Alguien dijo que partiendo de estas palabras, podría reconstruirse el evangelio o saber, sencillamente, quién era Jesús. Quizás fue una afirmación exagerada, pero contenía una gran verdad, porque esas pocas palabras resumen la actividad de Jesús y lo que despertaba.

Jesús era accesible, a él se acercaban los necesitados y le escuchaban. Su palabra era sanadora y consoladora: capaz de restaurar, renovar y restablecer lo mejor en aquellos que le escuchaban.

Pero también se fijaban en él quienes no le aceptaban y no podían tolerar la familiaridad que tenía con los «pecadores». Que Jesús comiera con ellos tenía un significado que apenas podemos calibrar, pero que era muy evidente para las gentes que le rodeaban. Significaba tratar a los marginados, a los no puros, como seres humanos iguales, dignos ante él y dignos ante Dios.

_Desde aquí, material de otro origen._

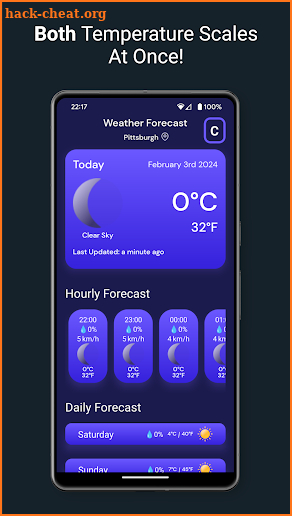 DualTemp Weather screenshot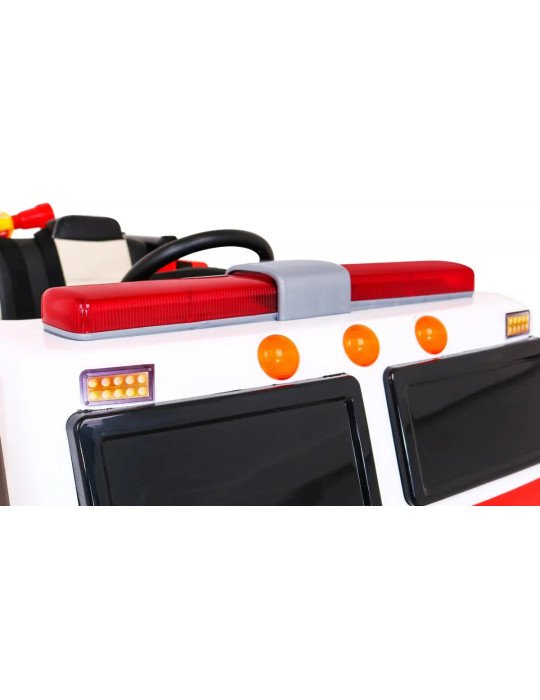 Caminhão Bombeiros elétrico infantil 12V com megafone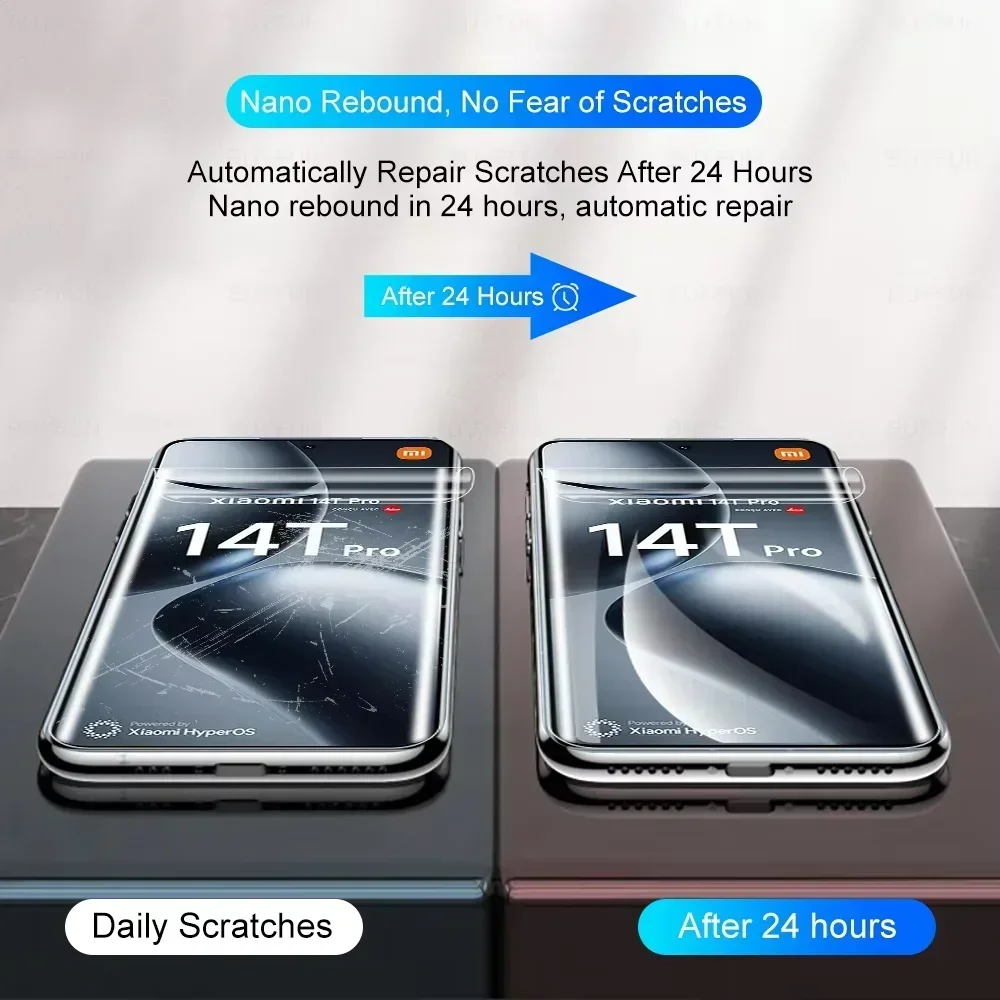 5 шт. гидрогелевая защитная пленка для экрана Xiaomi Poco F6 X6 X5 Pro 14T 13T Redmi 14C Note 13 12 5G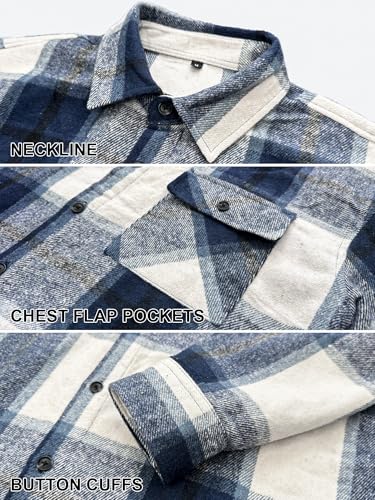Image of JEMLDL Mens Flannel Plaid Shirts Jackets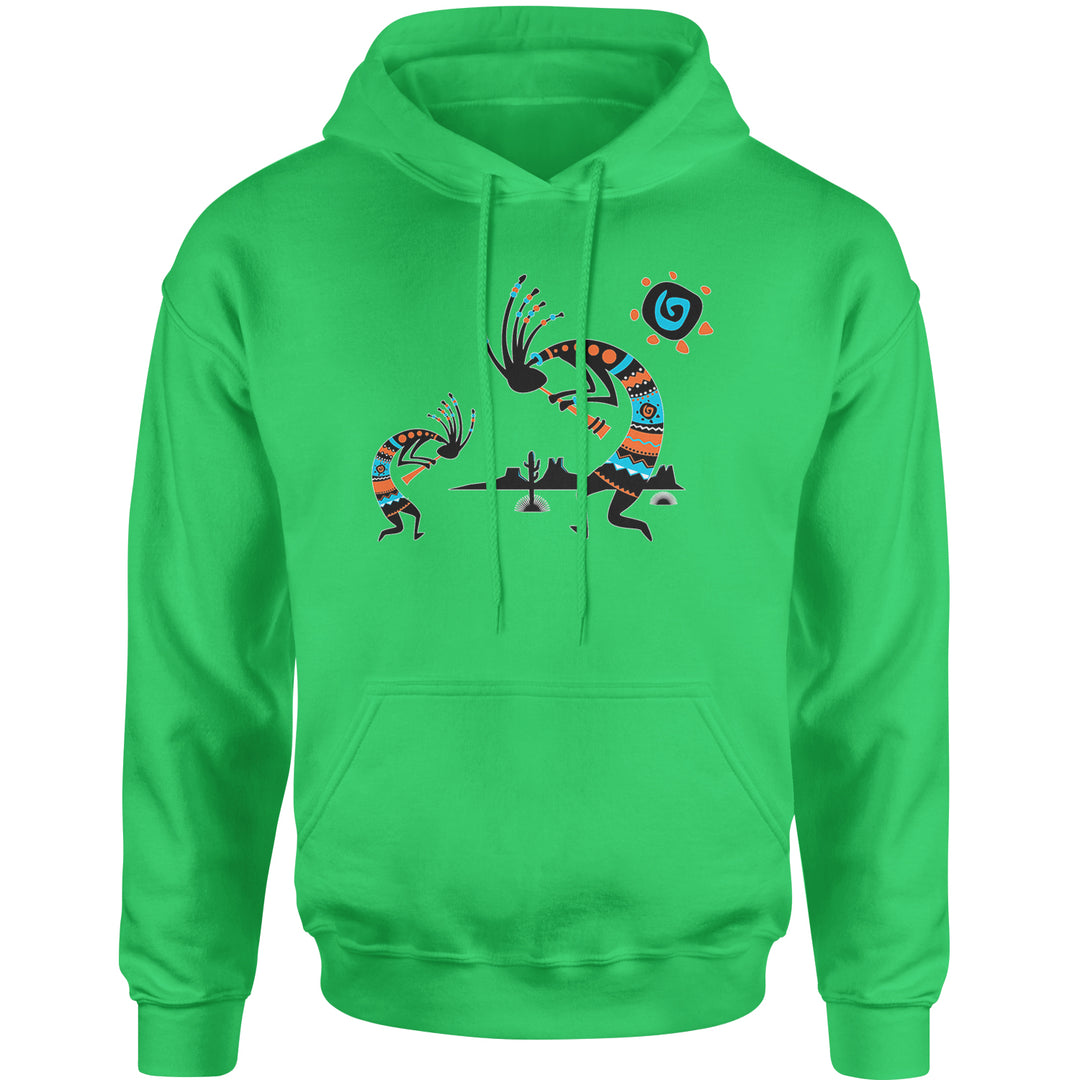 Native American Kokopelli Southwest Adult Hoodie Sweatshirt american, hopi, indian, native, navajo by Expression Tees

Las tres parábolas que narra este capítulo han sido llamadas «parábolas de la misericordia» porque hablan de un Dios incondicional en el amor, en la paciencia y en la alegría, cada vez que logra reencontrarse con los seres humanos.

Las historias de la oveja, la dracma y el hijo perdidos, tienen algunas notas en común. Unas notas muy humanas, reconocibles en las parábolas y en la vida, porque narran una pérdida, una búsqueda intensa, un hallazgo y una alegría compartida.

Jesús insiste, repite, y lo hace a través de un hombre, una mujer, un padre. En un ambiente rural, con asuntos económicos o problemas familiares. Todo, para mostrarla constancia del amor de Dios, que busca y espera a cada ser humano, hasta que entra en el banquete de su reino, que es la vida plenamente compartida con Él y con los demás.

Las parábolas piden una toma de postura de cada oyente y lector: estar entre los que han hecho de la murmuración oficio o entre quienes escuchan y acogen. Estar entre los que lo dan todo por perdido o los que buscan sin descanso una oveja, una moneda, un hermano… Estar entre los que excluyen o los que integran. Entre los que rechazan la gratuidad o los que se abren a la alegría.

Nada está decidido. Las parábolas siembran a lo largo del capítulo el halo de la libertad de Dios, que no empieza exigiendo ni reclamando lo suyo, o forzando. Y la libertad siempre es difícil para los sistemas, en este caso, para el sistema religioso de Israel. Pero también para cada persona.

Decidir hacer propia la actitud del pastor, de la mujer y del padre. Determinarse a buscar, pero también dejarse encontrar. Ver de lejos al que se acerca, saber esperar sin dejar que se sequen las entrañas, conmoverse ante cualquier gesto de retorno, elegir disfrutar de la vuelta a casa de cualquier pródigo que ha despreciado su propia vida… todo eso es una elección, no siempre fácil ni espontánea, es conversión. Y el modo de aprender a elegir está en ser como aquellos pecadores, que eran capaces de escuchar a Jesús.

Al principio del capítulo, se hace referencia a las comidas de Jesús y al final, el padre prepara un gran banquete. Debe quedarnos un criterio de discernimiento cristiano: la mesa compartida. Aceptarla o rehusarla es construir o deshacer la iglesia de Jesús. Y la mesa compartida es participación material y comunión espiritual a la vez, es compartir la necesidad y la alegría.